CAULIFLOWER BOLOGNESE

“I want you to come watch the movie with us ON the couch, not be in the kitchen!”

I’ve been filling out this one-question-a-day journals for moms that I received for Christmas. It records a little thought or memory over the last year, and then starts again, so you can see how your answers change over a few years. One of the recent ones, prompted me to jot notes about what I am learning as a mom, and I found the question so general I was basically annoyed. I am a romantic, and also wildly pragmatic. In the span of a day I can tear up over the depths of love I feel for my kids, and also wish for them to have a mute button. We all have worlds within us; mothering pushing me into the corners of myself I am sometimes proud of or other corners ashamed of, but am I learning? Yes, every single day. Sometimes in the moment and other times after a particular season. But in 2021, my answer in the bullet journal was that I see my kids are wanting me to play with them. They aren’t registering all the service and shuttling and laundry and what it takes to pull off a week, they just want to play WITH me. It’s natural for me to move within lists and tasks and responsibilities and hustling, but playing is something I have to pay attention to. For them and for me. We usually do a family movie on Friday nights and my son (6.5), see quote above, pointed out that I don’t actually watch the movie, I tinker in the kitchen and he wants me in the couch cuddle. Flattered, and found out that I’d rather make granola than watch The Croods 🙂 So from annoyed, to passing on the question to fellow parents, what are you learning? Try not to be annoyed. Maybe circle back to it.

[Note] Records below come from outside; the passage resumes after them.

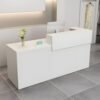Mostrador de recepción moderno CCUKTFN, la solución perfecta para tu tienda u oficina a un precio rebajado; ¡organiza y destaca con este ofertón que no puedes dejar escapar!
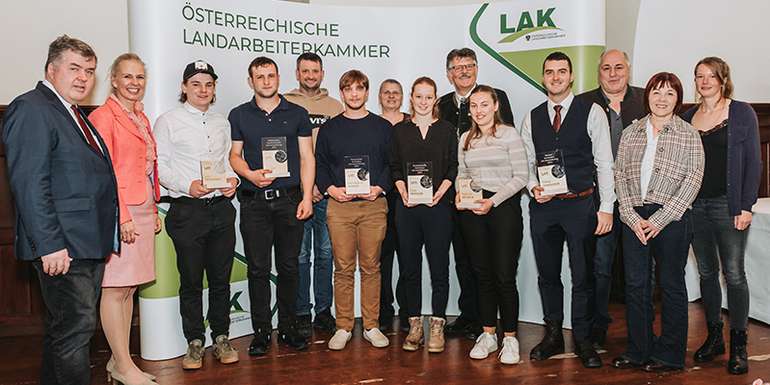 Facharbeiterehrung Salzburg .jpg © LAK Salzburg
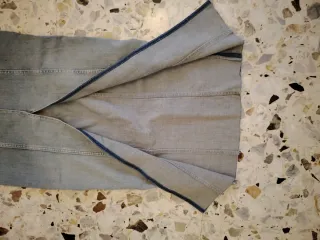 Gonna lunga Zara blu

I published this recipe over on SKCC a few weeks ago and wanted it to live here. We’re trying to find more family-friendly vegetarian recipes (it’s easy for me to fill up on roasted veggies and big salads, not so much for the kids). This batch lasts us two meals – once with noodles, maybe half zoodles, and the second round on toast or english muffins with cheese melted on top, like a pizza sort of thing? It freezes well and is great to deliver to new parents.

CAULIFLOWER BOLOGNESE

Serves 6

Ingredients

2 Tbsp. of extra virgin olive oil
1 small yellow onion – roughly chopped
3 cloves of garlic
sea salt to taste
pepper to taste
1 head of cauliflower (about ¾ lb. or 12 oz. riced)
1/2 cup of raw walnuts pieces
1/2 tsp. of Italian seasoning
1/2 tsp. of fennel seeds – crushed
2 Tbsp. of tomato paste
2 Tbsp. of balsamic vinegar
1/2 cup of red wine (or broth of any sort, and double the vinegar to mimic the wine’s acidity)
28 oz. of canned, crushed tomatoes
1/2 cup of red lentils
red pepper flake to taste

For serving

12 oz. of pasta or choice, zoodles, etc.
parmesan
fresh, torn basil

Directions

In a large Dutch-oven or stockpot, heat the olive oil over medium low heat.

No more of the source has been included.